= Gento (son of Genseric) =

Gento was the fourth and youngest son of Genseric, the founder of the Vandal Kingdom in Africa, and father of the vandal kings Gunthamund and Thrasamund. According to Procopius, at the Battle of Cape Bon during the Vandal War (461–468) the Vandals seized a Roman ship. A Roman General named John leaped off the ship to his death despite Gento, “offering pledges and holding out promises of safety.” Gento died in battle in 477.

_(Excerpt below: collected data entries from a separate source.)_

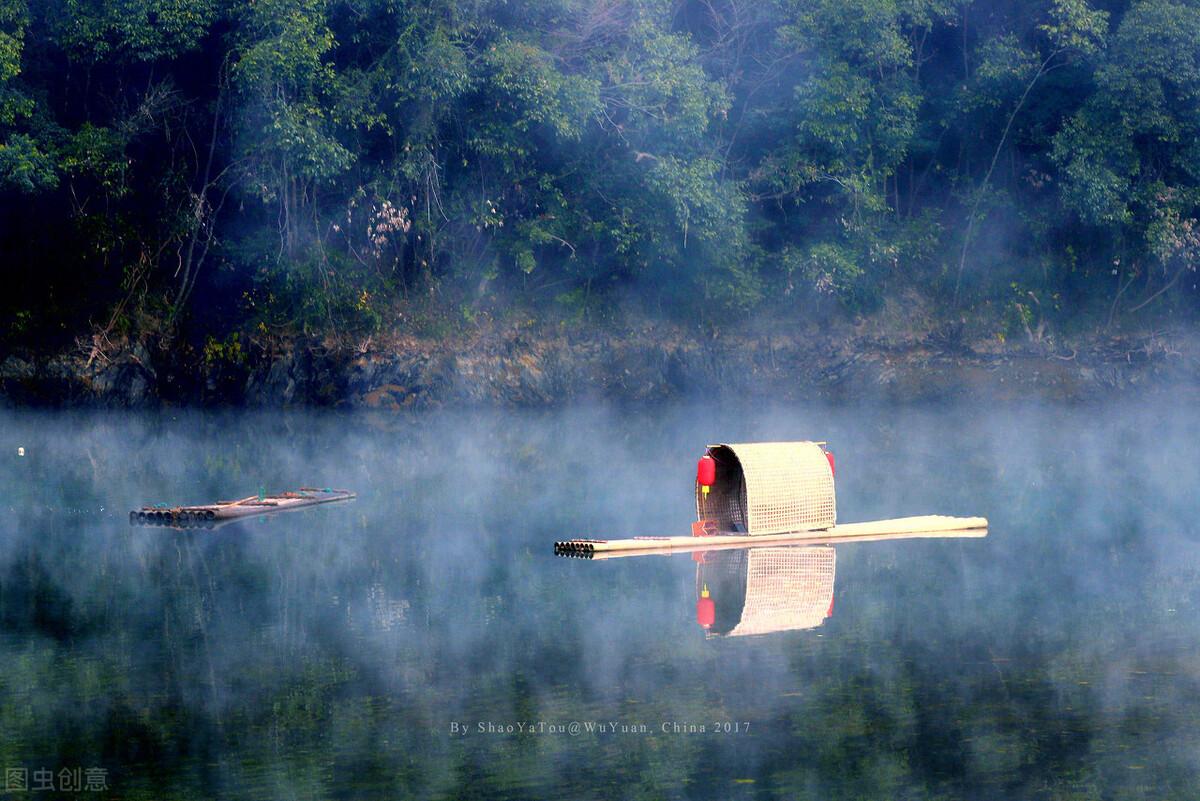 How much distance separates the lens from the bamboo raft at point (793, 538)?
57.6 feet

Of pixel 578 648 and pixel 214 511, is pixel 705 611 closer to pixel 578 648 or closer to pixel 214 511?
pixel 578 648

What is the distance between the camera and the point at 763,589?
623 inches

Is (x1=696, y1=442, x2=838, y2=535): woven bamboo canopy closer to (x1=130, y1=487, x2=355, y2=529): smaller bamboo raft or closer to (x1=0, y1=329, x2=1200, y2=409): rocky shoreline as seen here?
(x1=130, y1=487, x2=355, y2=529): smaller bamboo raft

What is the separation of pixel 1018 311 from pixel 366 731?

Gunthamund (c. 450–496), King of the Vandals and Alans (484–496) was the third king of the north African Kingdom of the Vandals. He succeeded his unpopular uncle Huneric, and for that reason alone, enjoyed a rather successful reign. Gunthamund was the second son born to Gento. Because most of Genseric's immediate family was dead, his elder brothers having been murdered by Huneric, Gunthamund found himself as the eldest male member of the family when Huneric died in 484. In accordance with his grandfather's laws on succession, which decreed that the oldest member of the family will be the successor, he was proclaimed king.

Thrasamund (450–523), King of the Vandals and Alans (496–523), was the fourth king of the north African Kingdom of the Vandals, and reigned longer than any other Vandal king in Africa other than his grandfather Genseric. Thrasamund was the third son of Gento, and became king in 496 after all of Genseric's sons and his own brother, King Gunthamund, had died.